Regulation 

Investors to appeal network 'Ponzi' case

Investors to appeal network 'Ponzi' case

The claimants who took the Sense Network to court over an alleged secret £12.8m "Ponzi scheme" run by one of its appointed representatives will appeal the decision to rule in the company's favour.

Mr Justice Jacobs ruled in favour of Sense and against the 95 claimants who were clients of Alistair Greig, who owned and ran Midas Financial Solutions (Scotland) Ltd (MFSS).

The claimants alleged Sense was liable for their losses but Mr Justice Jacobs disagreed in a ruling which came just months after Tenet was found liable for the unregulated activities of one of its appointed representatives.

Robert Morfee, the lawyer at Cubism Law who represented the claimants, said they will be seeking permission to appeal the decision and a hearing is scheduled for later this month.

He said that if the ruling was allowed to stand it would mean clients who are advised by an appointed representative will not have the same protections as those who go to an IFA because clients would be hampered by the contract between the adviser and their network, which clients are not party to or able to influence.

Mr Morfee added: "The judge ruled this secret scheme was a collective investment scheme, and once you accept that it was a collective investment scheme it becomes an authorised product because Midas was authorised to sell unregulated investment schemes.

"The network has said it is not authorised under the agreement Midas had with Sense, but why should clients be affected by that?"

In explaining why he made an opposite ruling to the Tenet case, Mr Justice Jacobs said it was because the situation with Sense was the reverse.

He said the Tenet case involved an adviser - convicted fraudster Alok Dhanda - providing regulated advice to disinvest from one product and invest in an unregulated one, but in this case no regulated advice was provided.

Tobias Haynes, a solicitor at FS Legal, said: "This is a travesty of justice and flies in the face of a lot of recent authorities.

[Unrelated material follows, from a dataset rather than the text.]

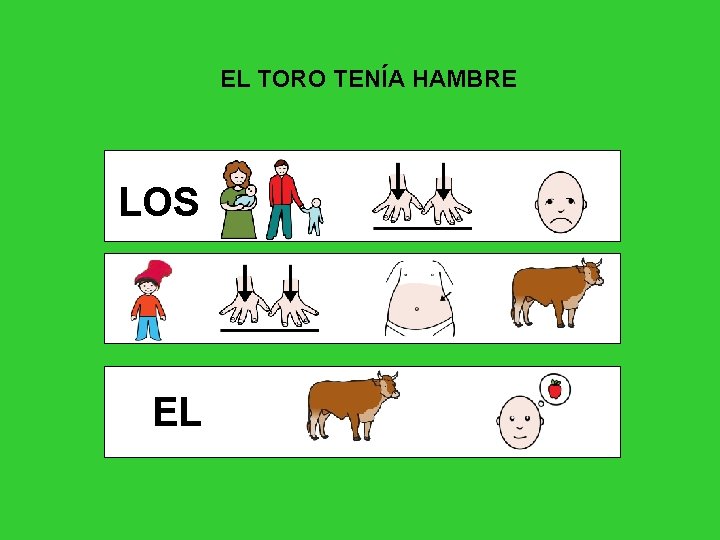 EL TORO TENÍA HAMBRE LOS EL 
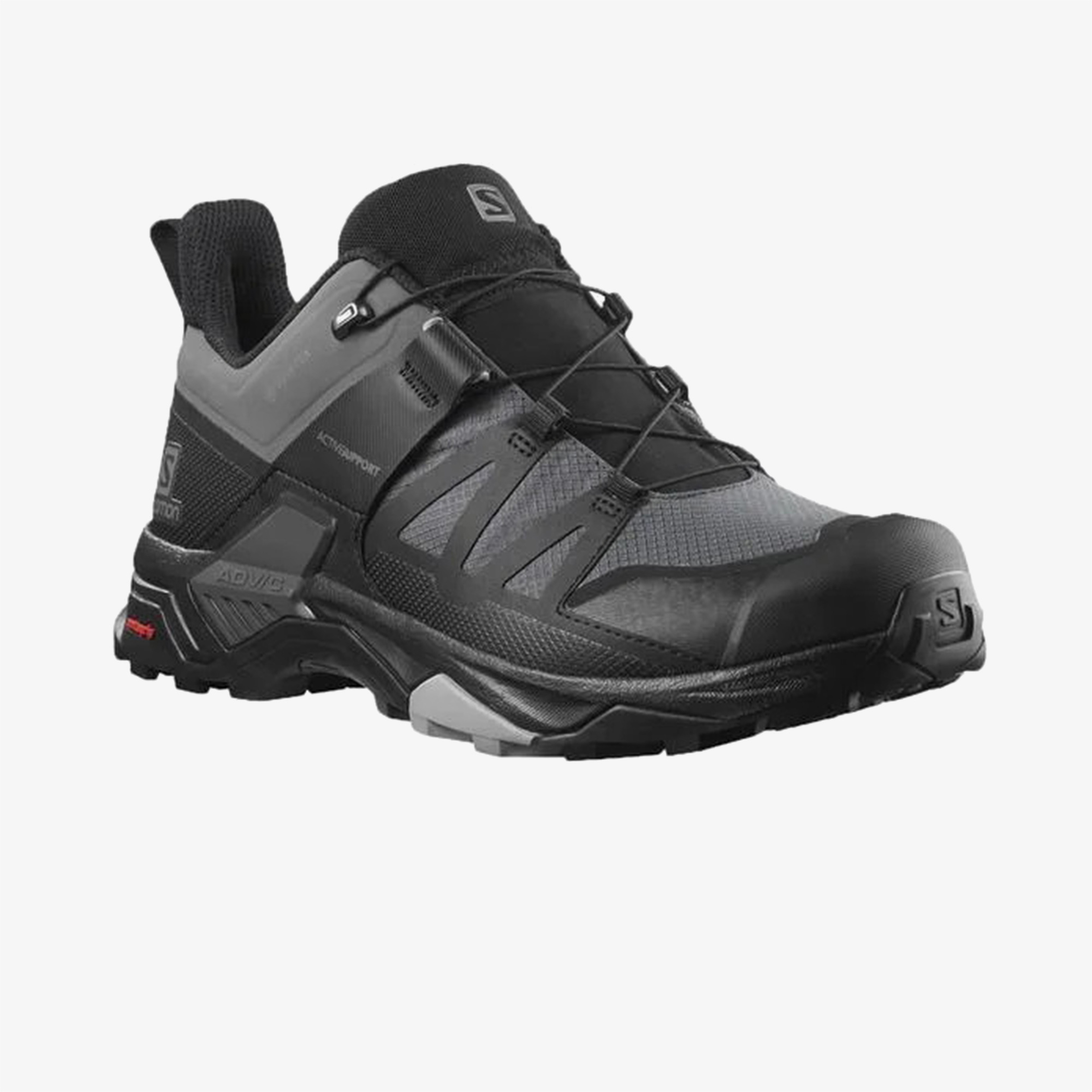 Salomon X Ultra 4 Mid Gore-Tex Erkek Gri Outdoor Ayakkabı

The distinction [with the Tenet case] seems very artificial to me.

"This ruling is certainly susceptible to challenge. It doesn't sit right and if it is left as it is it potentially opens up a system where carefully crafted arrangements by principals and savvy appointed representatives put consumers out of pocket.

"The key thing that the principal has as a mechanism to protect themselves is the contract with the appointed representative because they can sue for damages when the appointed representative goes outside the contract."

MFSS was a financial advice business based in Aberdeen.

The scheme it operated was a continuation of a one which Mr Greig had operated when he had previously worked for a firm known as Park Row Associates Ltd.

It continued after Mr Greig founded MFSS in 2006 and after September 2007, when MFSS became an appointed representative of Sense.

As part of the scheme investors, most of whom were resident in Scotland and in particular in the Aberdeen area, were offered the opportunity to receive high guaranteed interest rates on short-term deposits.